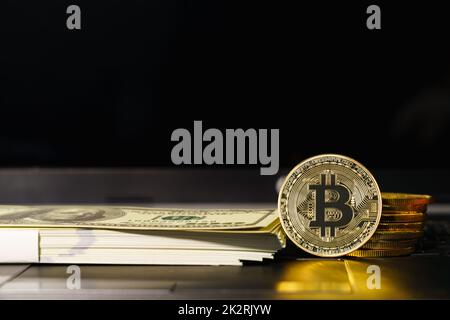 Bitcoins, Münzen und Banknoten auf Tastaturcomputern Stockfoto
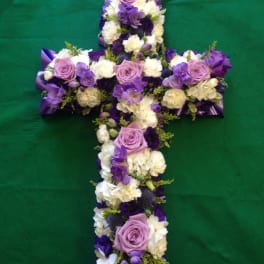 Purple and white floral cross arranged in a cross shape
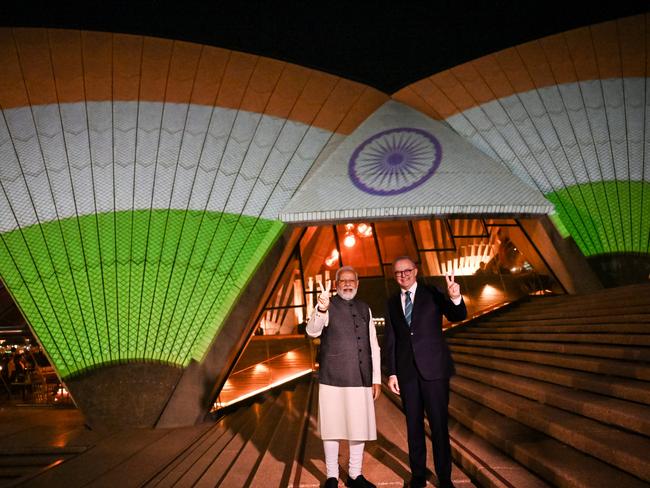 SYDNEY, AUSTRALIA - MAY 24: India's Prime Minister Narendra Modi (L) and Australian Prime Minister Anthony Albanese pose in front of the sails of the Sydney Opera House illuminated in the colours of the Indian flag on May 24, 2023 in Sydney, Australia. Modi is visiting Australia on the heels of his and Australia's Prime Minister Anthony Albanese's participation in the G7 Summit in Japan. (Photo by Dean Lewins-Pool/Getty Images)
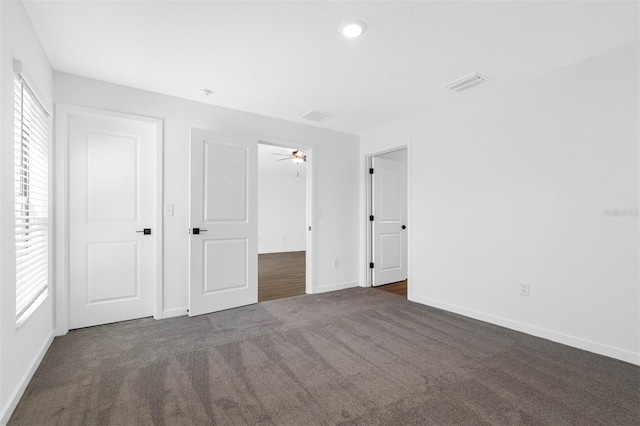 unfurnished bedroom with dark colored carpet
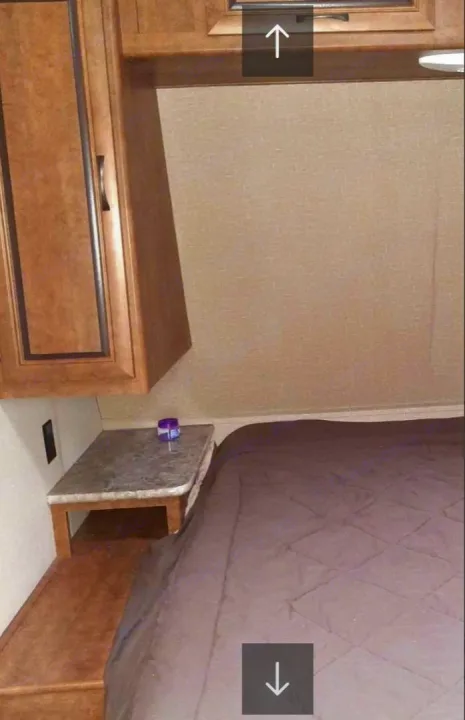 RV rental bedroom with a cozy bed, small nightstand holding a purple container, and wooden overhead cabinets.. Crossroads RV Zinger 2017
• • •
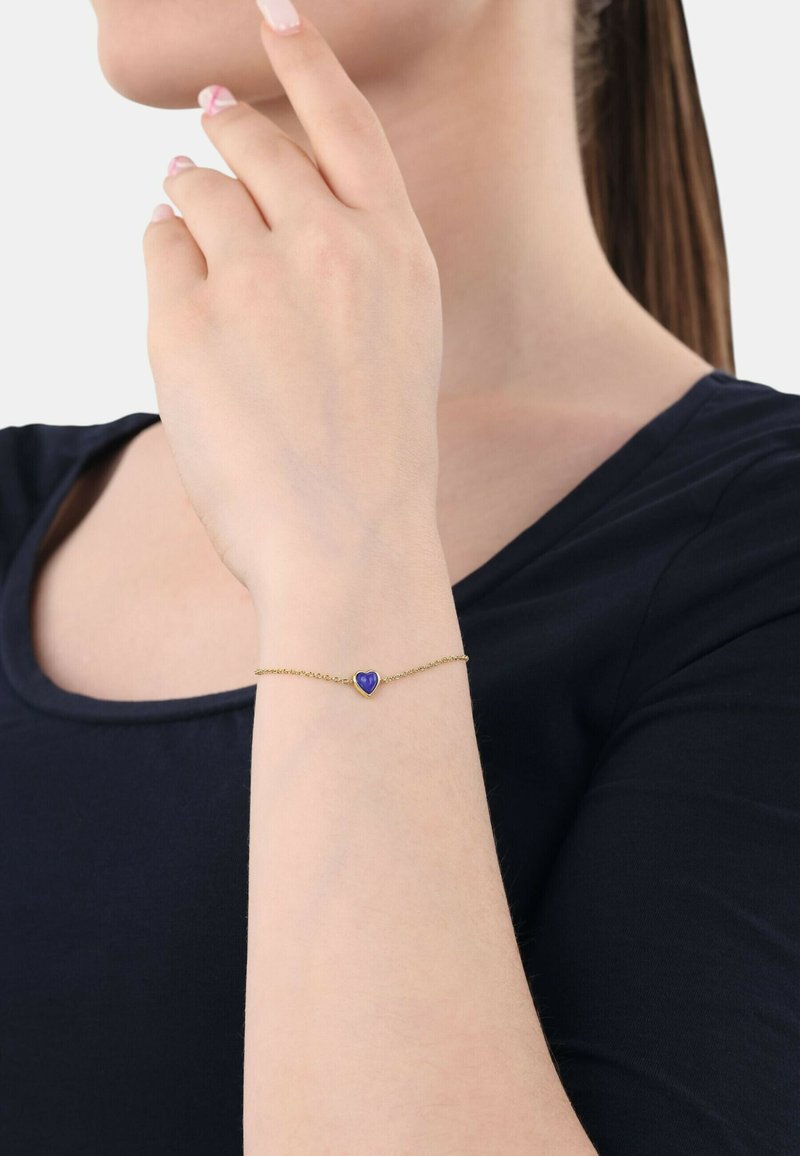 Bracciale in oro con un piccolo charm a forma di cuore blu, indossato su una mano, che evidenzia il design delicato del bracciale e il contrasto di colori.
• • •
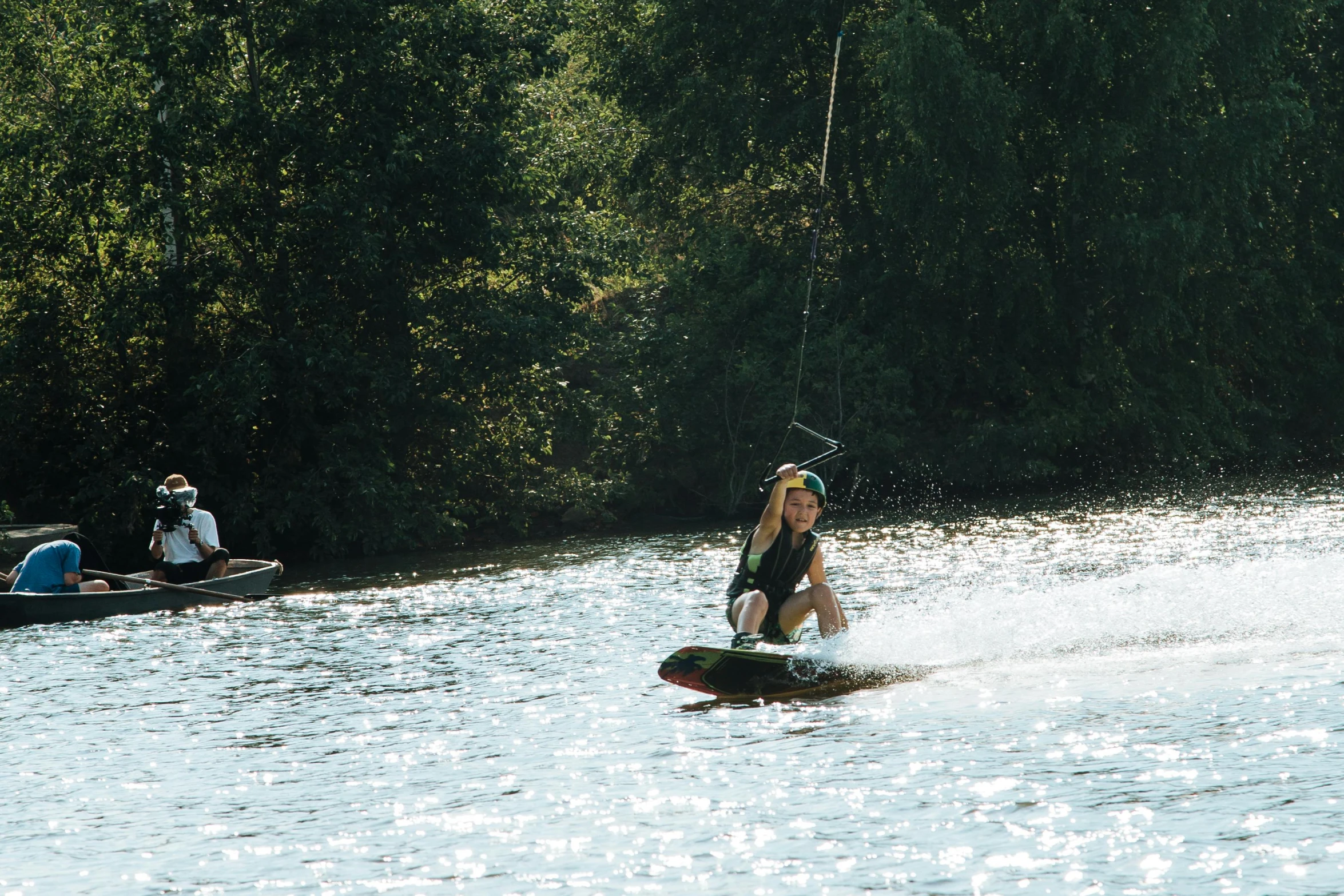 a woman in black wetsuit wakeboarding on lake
• • •
[REQUIRED ACTION]: From the listing above, please give again the lines that begin with the line holding "Bitcoins, Münzen und" and go on through the line holding "RV rental bedroom", exactly, both ends included, minus any picture.

[ANSWER TO THIS PROBLEM]:
 Bitcoins, Münzen und Banknoten auf Tastaturcomputern Stockfoto
 Purple and white floral cross arranged in a cross shape
 SYDNEY, AUSTRALIA - MAY 24: India's Prime Minister Narendra Modi (L) and Australian Prime Minister Anthony Albanese pose in front of the sails of the Sydney Opera House illuminated in the colours of the Indian flag on May 24, 2023 in Sydney, Australia. Modi is visiting Australia on the heels of his and Australia's Prime Minister Anthony Albanese's participation in the G7 Summit in Japan. (Photo by Dean Lewins-Pool/Getty Images)
 unfurnished bedroom with dark colored carpet
 RV rental bedroom with a cozy bed, small nightstand holding a purple container, and wooden overhead cabinets.. Crossroads RV Zinger 2017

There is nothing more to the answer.